From “The First Wired President,” Tom Wheeler’s smart New York Times Disunion post about Abraham Lincoln’s embrace of technology:
“Up until May 1862 Lincoln had sent, on average, a little over one telegram a month. But things changed when a telegraph office was opened next door to the White House, in the War Department. On May 24 the president had his online breakout, sending nine telegrams. That week he would send more than all his previous messages, combined. From May 24 — 18 years to the day since Morse had first tapped out ‘What hath God wrought’ — forward, Lincoln and the telegraph were inseparable.
The new telegraph office became the first Situation Room. Several times a day the president would walk into the telegraph office, sit down at the desk of its manager and begin going through the copies of all telegrams received, whether addressed to him or not.
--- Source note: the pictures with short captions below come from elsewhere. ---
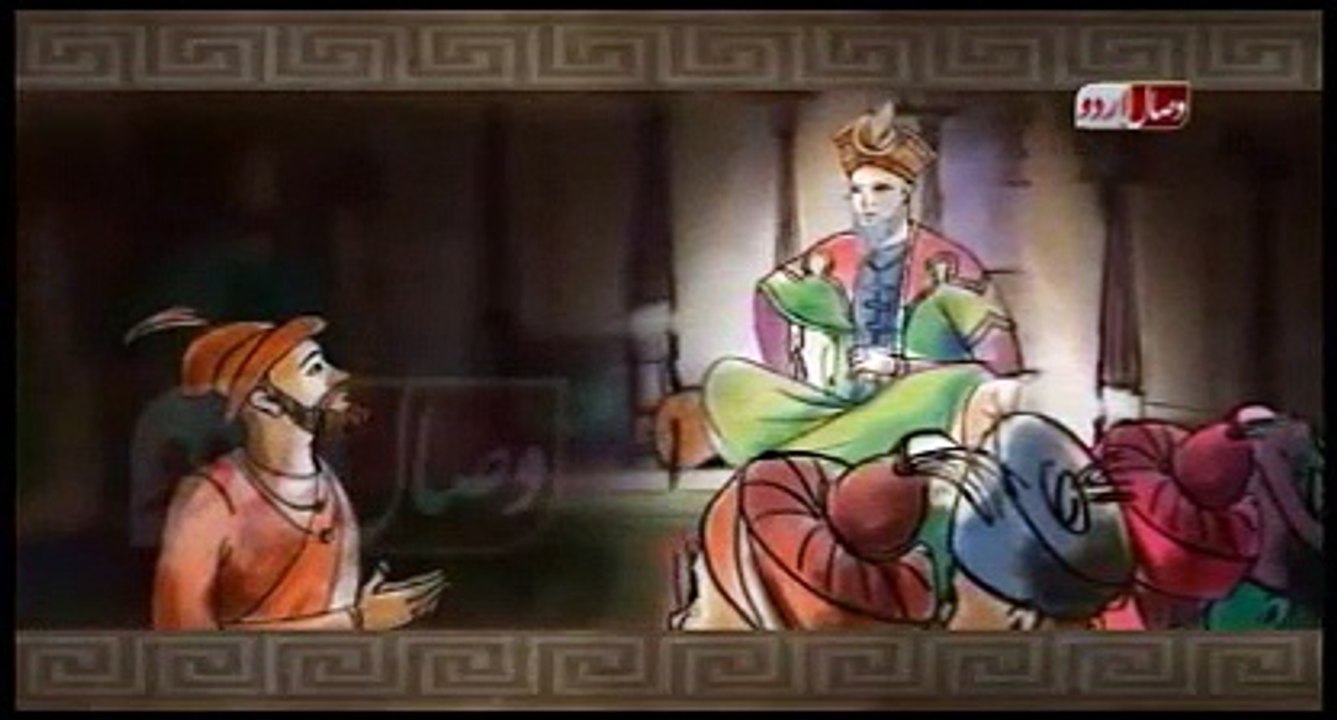 is men bhlai he urdu story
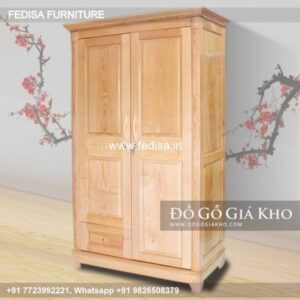 Wooden Wardrobe Design wooden Almirah Design Model No - 6229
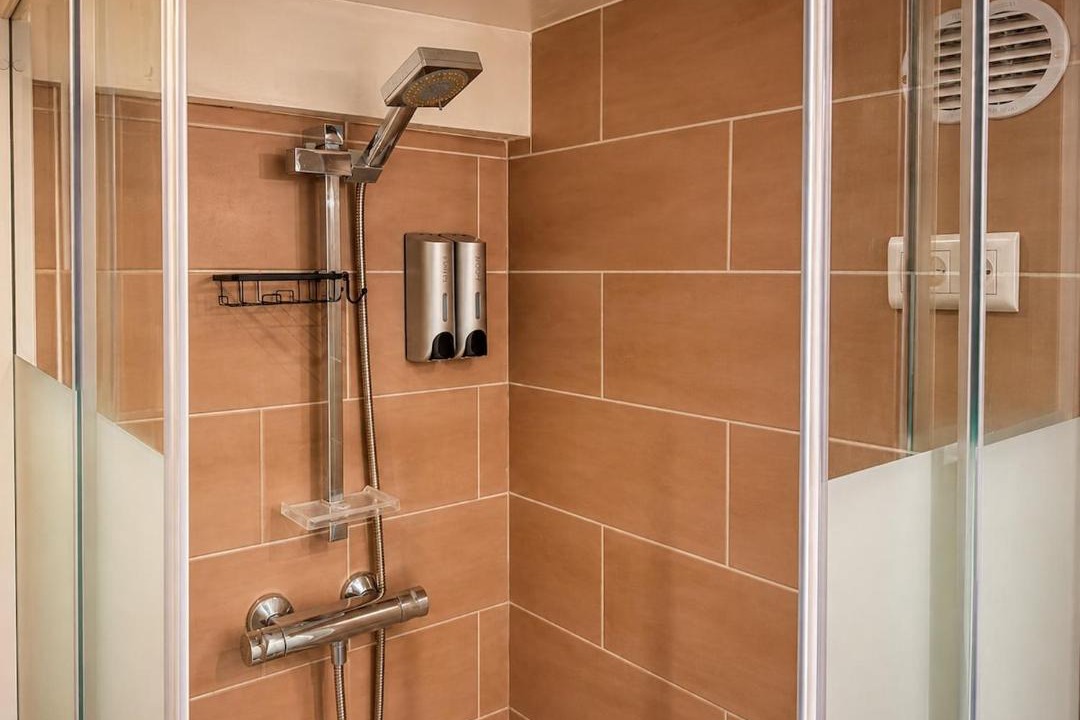 Photo of Bathroom in Bavilliers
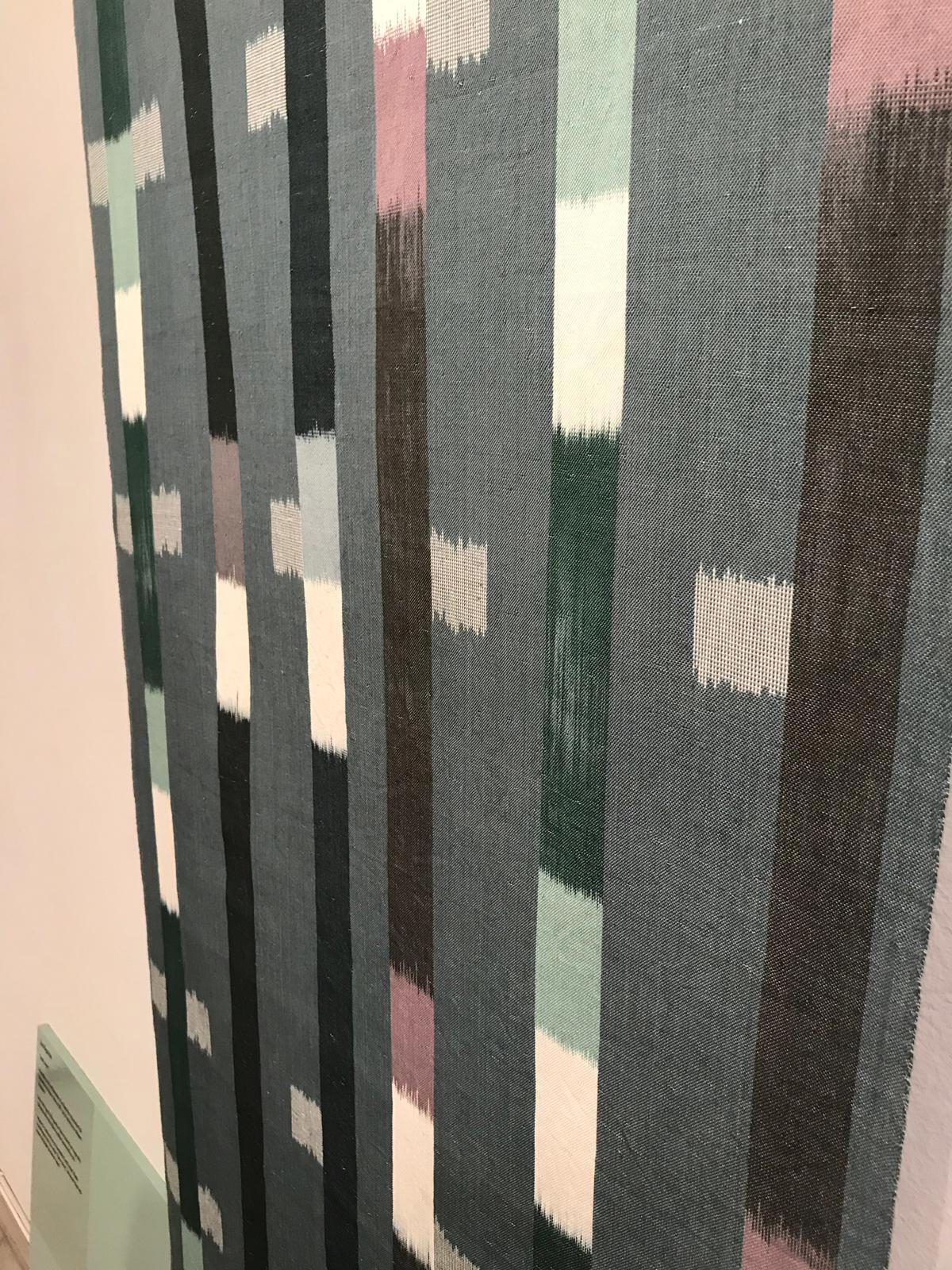 Kyoto colors textile project 5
During great battles the president would even sleep in the telegraph office, just to be close to his oracle.
Using the telegraph to extend his voice was an obvious application of the technology. ‘You are instructed…to put twenty thousand men (20,000) in motion at once for the Shenandoah,’ the president ordered Gen. Irvin McDowell on May 24. Less obvious, however, was how Lincoln made the telegraph his eyes and ears to distant fields and the keyhole into his generals’ headquarters. As he sat in the telegraph office reading messages, he gained insights, felt the pulse of his Army in the field and reacted.”